==== RECORDS FOR THIS TASK ====

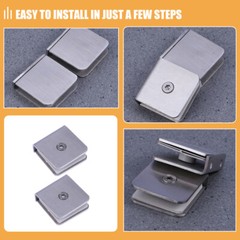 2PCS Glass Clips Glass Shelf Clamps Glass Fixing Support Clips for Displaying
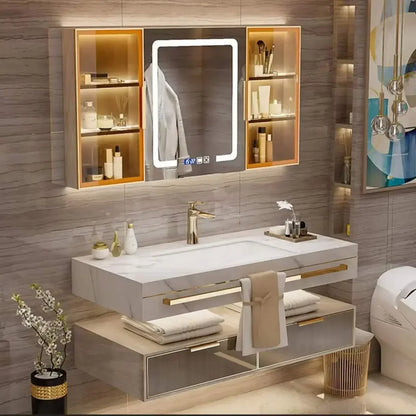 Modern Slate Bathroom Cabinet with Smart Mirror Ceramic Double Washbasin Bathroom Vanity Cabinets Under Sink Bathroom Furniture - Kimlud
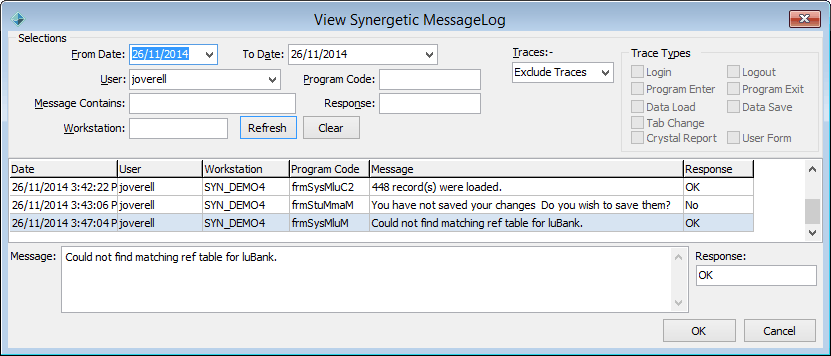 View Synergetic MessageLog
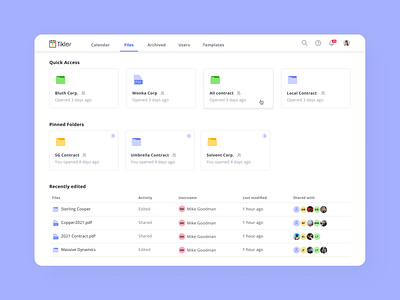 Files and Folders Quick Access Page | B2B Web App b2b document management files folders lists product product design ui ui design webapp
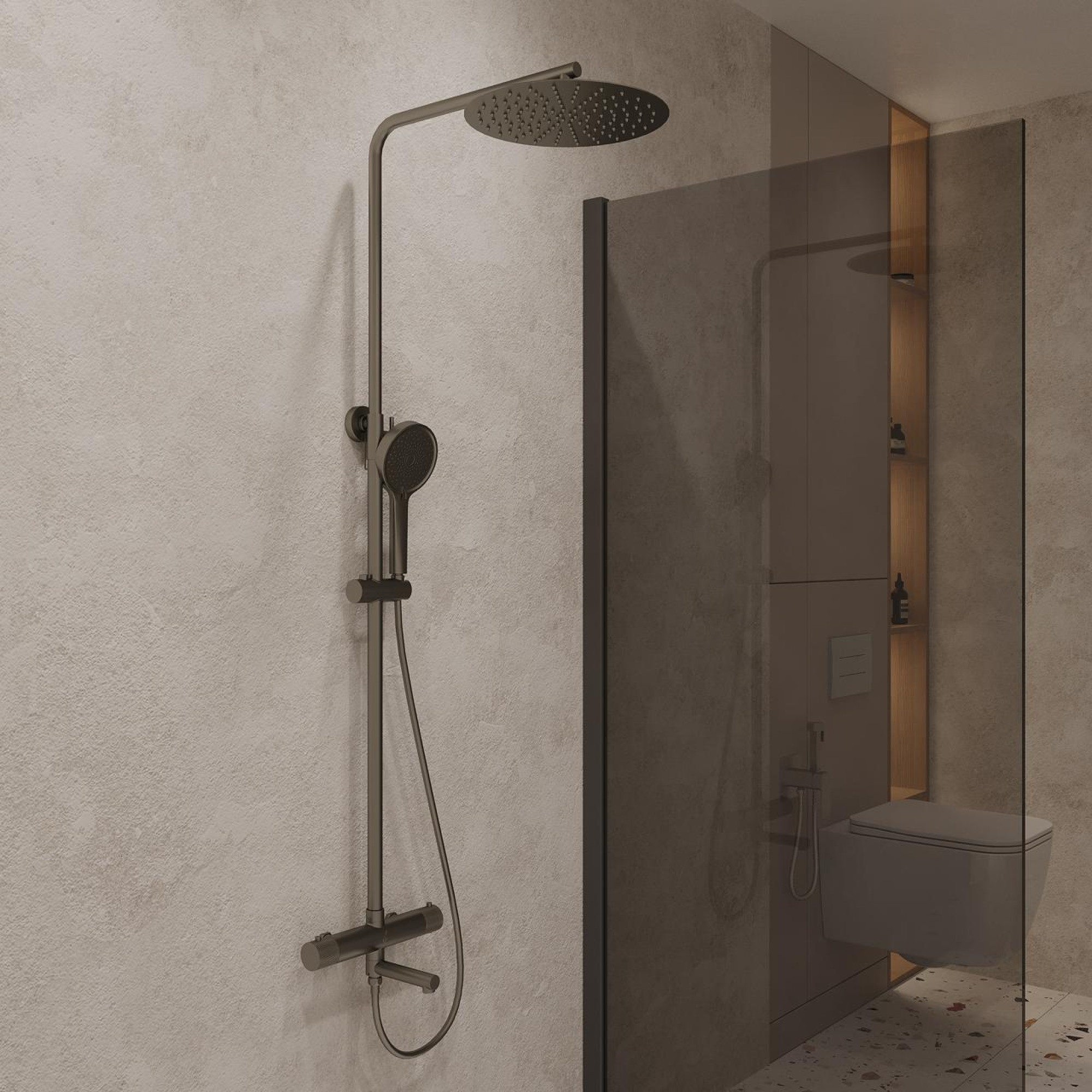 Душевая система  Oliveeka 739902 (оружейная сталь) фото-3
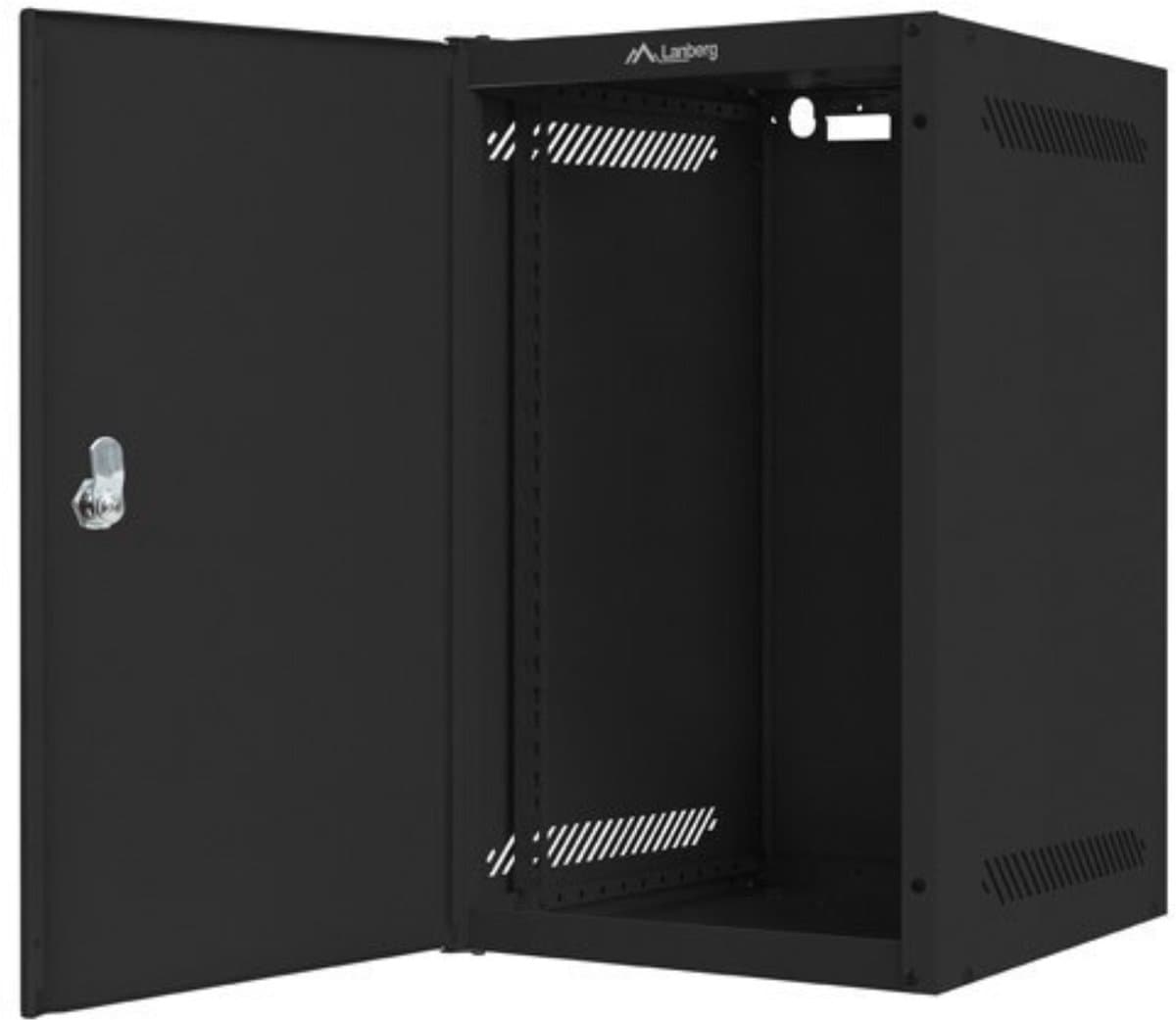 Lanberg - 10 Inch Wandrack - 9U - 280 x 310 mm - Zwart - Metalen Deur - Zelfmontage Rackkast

====
==== RECORDS FOR THIS TASK ====

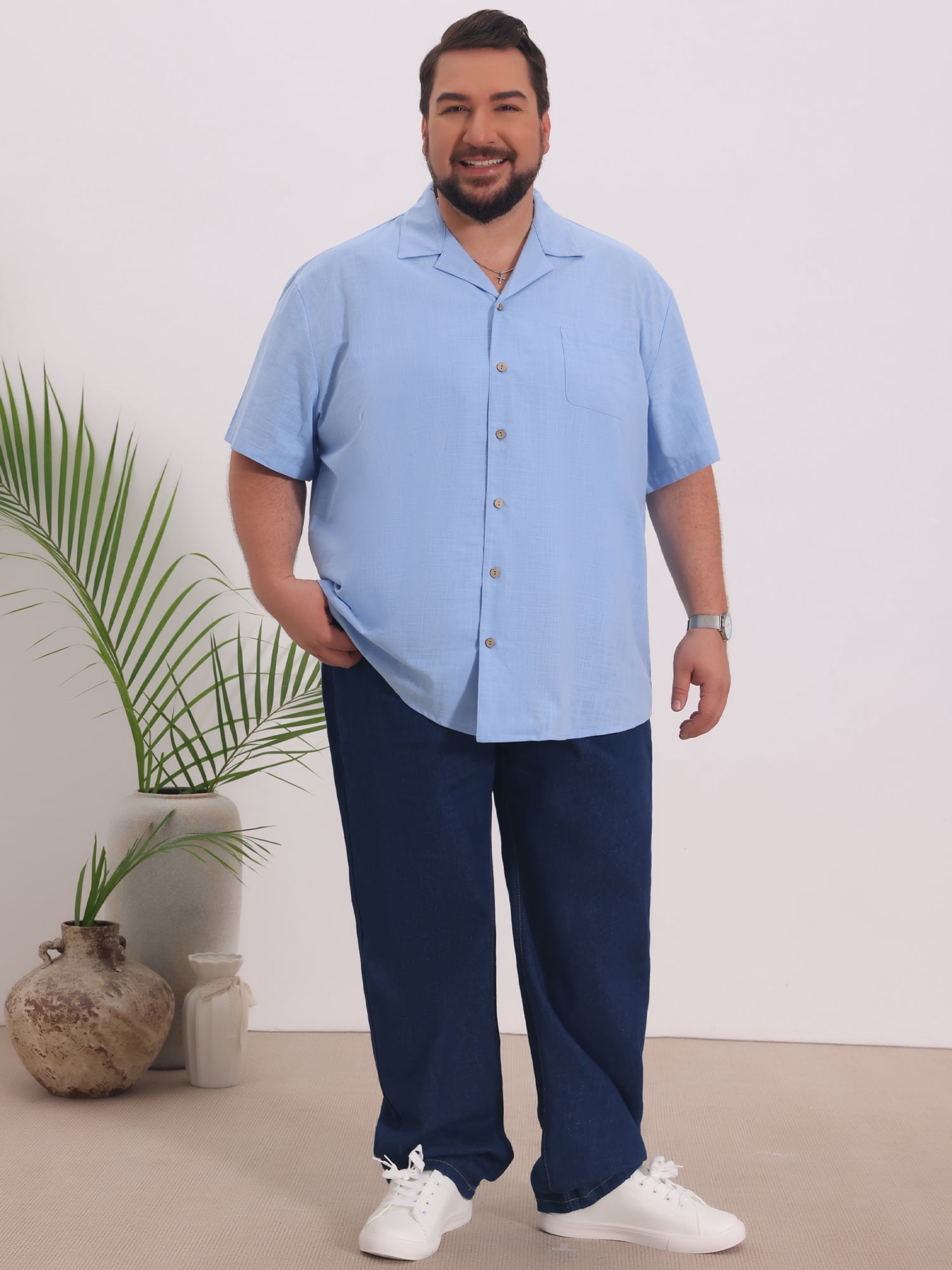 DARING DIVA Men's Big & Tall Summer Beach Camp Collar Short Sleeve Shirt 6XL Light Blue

====

### THE PROBLEM
Would you set down only the lines above from the line with "Modern Slate Bathroom" to the line with "View Synergetic MessageLog", both included, exactly as they stand and without the pictures?

### YOUR RESPONSE
 Modern Slate Bathroom Cabinet with Smart Mirror Ceramic Double Washbasin Bathroom Vanity Cabinets Under Sink Bathroom Furniture - Kimlud
 View Synergetic MessageLog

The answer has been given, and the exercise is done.